Entries shown: Begin

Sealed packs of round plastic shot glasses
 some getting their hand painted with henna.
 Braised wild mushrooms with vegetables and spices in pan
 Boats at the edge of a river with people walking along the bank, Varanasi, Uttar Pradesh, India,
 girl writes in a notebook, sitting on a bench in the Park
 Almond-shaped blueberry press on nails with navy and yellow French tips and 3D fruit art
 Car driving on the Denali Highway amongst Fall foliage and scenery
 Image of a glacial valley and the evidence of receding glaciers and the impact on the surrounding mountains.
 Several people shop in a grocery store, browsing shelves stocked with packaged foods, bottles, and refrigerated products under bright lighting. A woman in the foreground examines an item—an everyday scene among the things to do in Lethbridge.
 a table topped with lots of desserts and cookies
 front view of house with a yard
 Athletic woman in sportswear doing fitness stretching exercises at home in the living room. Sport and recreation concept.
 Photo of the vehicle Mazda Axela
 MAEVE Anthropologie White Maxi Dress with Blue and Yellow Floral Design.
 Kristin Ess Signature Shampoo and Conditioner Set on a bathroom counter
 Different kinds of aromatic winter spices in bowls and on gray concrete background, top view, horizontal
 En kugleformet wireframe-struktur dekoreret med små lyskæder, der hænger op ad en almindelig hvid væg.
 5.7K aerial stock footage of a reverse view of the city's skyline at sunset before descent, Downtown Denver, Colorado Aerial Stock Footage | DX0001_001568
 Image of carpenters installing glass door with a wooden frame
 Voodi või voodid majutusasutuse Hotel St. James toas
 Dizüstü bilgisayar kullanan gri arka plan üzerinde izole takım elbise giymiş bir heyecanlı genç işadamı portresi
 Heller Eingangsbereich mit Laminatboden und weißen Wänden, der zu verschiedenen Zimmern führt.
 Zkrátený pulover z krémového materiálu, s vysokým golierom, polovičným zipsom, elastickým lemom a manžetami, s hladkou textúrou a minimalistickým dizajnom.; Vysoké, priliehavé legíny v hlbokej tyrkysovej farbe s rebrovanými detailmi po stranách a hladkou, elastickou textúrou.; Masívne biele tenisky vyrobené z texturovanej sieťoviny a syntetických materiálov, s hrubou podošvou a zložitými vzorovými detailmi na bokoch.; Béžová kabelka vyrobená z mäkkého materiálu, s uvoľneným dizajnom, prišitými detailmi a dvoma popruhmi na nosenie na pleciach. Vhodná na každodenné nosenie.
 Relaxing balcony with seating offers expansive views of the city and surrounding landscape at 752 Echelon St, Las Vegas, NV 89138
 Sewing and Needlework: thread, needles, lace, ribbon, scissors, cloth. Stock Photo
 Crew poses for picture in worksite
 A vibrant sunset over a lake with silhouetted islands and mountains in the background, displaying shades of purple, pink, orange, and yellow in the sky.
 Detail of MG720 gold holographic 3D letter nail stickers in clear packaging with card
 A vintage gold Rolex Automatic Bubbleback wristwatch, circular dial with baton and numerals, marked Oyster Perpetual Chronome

Entries shown: End

* **Problem description**: Your answer must be the full listing above, printed exactly as it stands.

* **Written response**:
Sealed packs of round plastic shot glasses
 some getting their hand painted with henna.
 Braised wild mushrooms with vegetables and spices in pan
 Boats at the edge of a river with people walking along the bank, Varanasi, Uttar Pradesh, India,
 girl writes in a notebook, sitting on a bench in the Park
 Almond-shaped blueberry press on nails with navy and yellow French tips and 3D fruit art
 Car driving on the Denali Highway amongst Fall foliage and scenery
 Image of a glacial valley and the evidence of receding glaciers and the impact on the surrounding mountains.
 Several people shop in a grocery store, browsing shelves stocked with packaged foods, bottles, and refrigerated products under bright lighting. A woman in the foreground examines an item—an everyday scene among the things to do in Lethbridge.
 a table topped with lots of desserts and cookies
 front view of house with a yard
 Athletic woman in sportswear doing fitness stretching exercises at home in the living room. Sport and recreation concept.
 Photo of the vehicle Mazda Axela
 MAEVE Anthropologie White Maxi Dress with Blue and Yellow Floral Design.
 Kristin Ess Signature Shampoo and Conditioner Set on a bathroom counter
 Different kinds of aromatic winter spices in bowls and on gray concrete background, top view, horizontal
 En kugleformet wireframe-struktur dekoreret med små lyskæder, der hænger op ad en almindelig hvid væg.
 5.7K aerial stock footage of a reverse view of the city's skyline at sunset before descent, Downtown Denver, Colorado Aerial Stock Footage | DX0001_001568
 Image of carpenters installing glass door with a wooden frame
 Voodi või voodid majutusasutuse Hotel St. James toas
 Dizüstü bilgisayar kullanan gri arka plan üzerinde izole takım elbise giymiş bir heyecanlı genç işadamı portresi
 Heller Eingangsbereich mit Laminatboden und weißen Wänden, der zu verschiedenen Zimmern führt.
 Zkrátený pulover z krémového materiálu, s vysokým golierom, polovičným zipsom, elastickým lemom a manžetami, s hladkou textúrou a minimalistickým dizajnom.; Vysoké, priliehavé legíny v hlbokej tyrkysovej farbe s rebrovanými detailmi po stranách a hladkou, elastickou textúrou.; Masívne biele tenisky vyrobené z texturovanej sieťoviny a syntetických materiálov, s hrubou podošvou a zložitými vzorovými detailmi na bokoch.; Béžová kabelka vyrobená z mäkkého materiálu, s uvoľneným dizajnom, prišitými detailmi a dvoma popruhmi na nosenie na pleciach. Vhodná na každodenné nosenie.
 Relaxing balcony with seating offers expansive views of the city and surrounding landscape at 752 Echelon St, Las Vegas, NV 89138
 Sewing and Needlework: thread, needles, lace, ribbon, scissors, cloth. Stock Photo
 Crew poses for picture in worksite
 A vibrant sunset over a lake with silhouetted islands and mountains in the background, displaying shades of purple, pink, orange, and yellow in the sky.
 Detail of MG720 gold holographic 3D letter nail stickers in clear packaging with card
 A vintage gold Rolex Automatic Bubbleback wristwatch, circular dial with baton and numerals, marked Oyster Perpetual Chronome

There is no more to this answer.